FCW systems use sensors and radar to scan the area ahead of the vehicle and aim to avoid rear-end collisions, or reduce their impact, by advising drivers to brake. Some newer systems even intervene in some cases to avoid a collision.
There are considerable potential benefits of such systems, which have recently been proven in a large-scale field operational test in North America. However, there is a danger that systems that have permanently fixed criteria will be viewed by a significant number of drivers as presenting too many ‘false’ or unwanted warnings. Indeed, in those US tests the drivers were keen to be able to tune the system to their personal preferences.
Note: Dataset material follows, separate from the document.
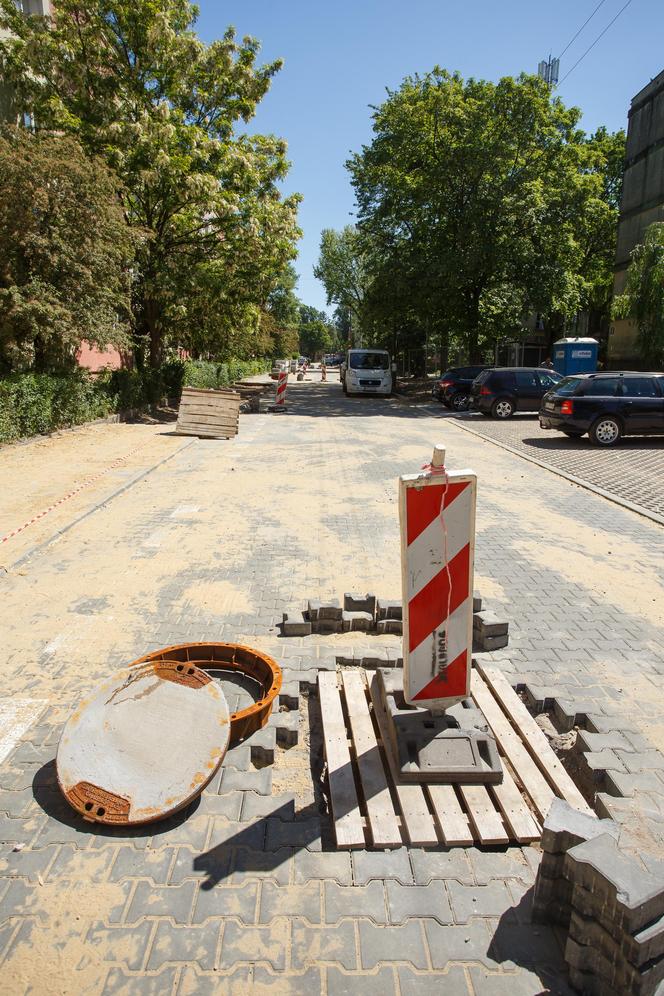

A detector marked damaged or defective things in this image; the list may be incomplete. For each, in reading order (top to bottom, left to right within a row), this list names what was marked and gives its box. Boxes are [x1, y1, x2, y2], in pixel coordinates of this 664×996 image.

rusty manhole cover [57, 660, 233, 824]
‘It’s a question of driving style,’ said Carsten. ‘We did an experiment previously where we showed that if we adapted the [FCW] system to somebody’s habitual reaction times, then the people who had very short reaction times and liked breaking late got fewer warnings, and that improved their trust in the system — we were able to increase acceptance without any real decrement in observed safety.’
The challenge now is to develop a system that can do this automatically through FORWARN. One of the methods will be to use infrared eye tracking in conjunction with Leeds University’s state-of-the-art vehicle simulator facility.
‘They [the eye tracking systems] are well used and robust in experimental situations, but they’re not quite out there yet in a package that will work reliably in the real world. That’s going to be coming soon, so we’re trying to look ahead to when that potential exists,’ said Carsten.
He envisages a system where, upon approach to a hazardous condition, an intelligent FCW system will only be triggered after if it has ascertained that the driver is truly distracted and unable to respond to the hazard in good time. There may, however, need to be a period of calibration to account for exact driver- and vehicle-related metrics, Carsten added.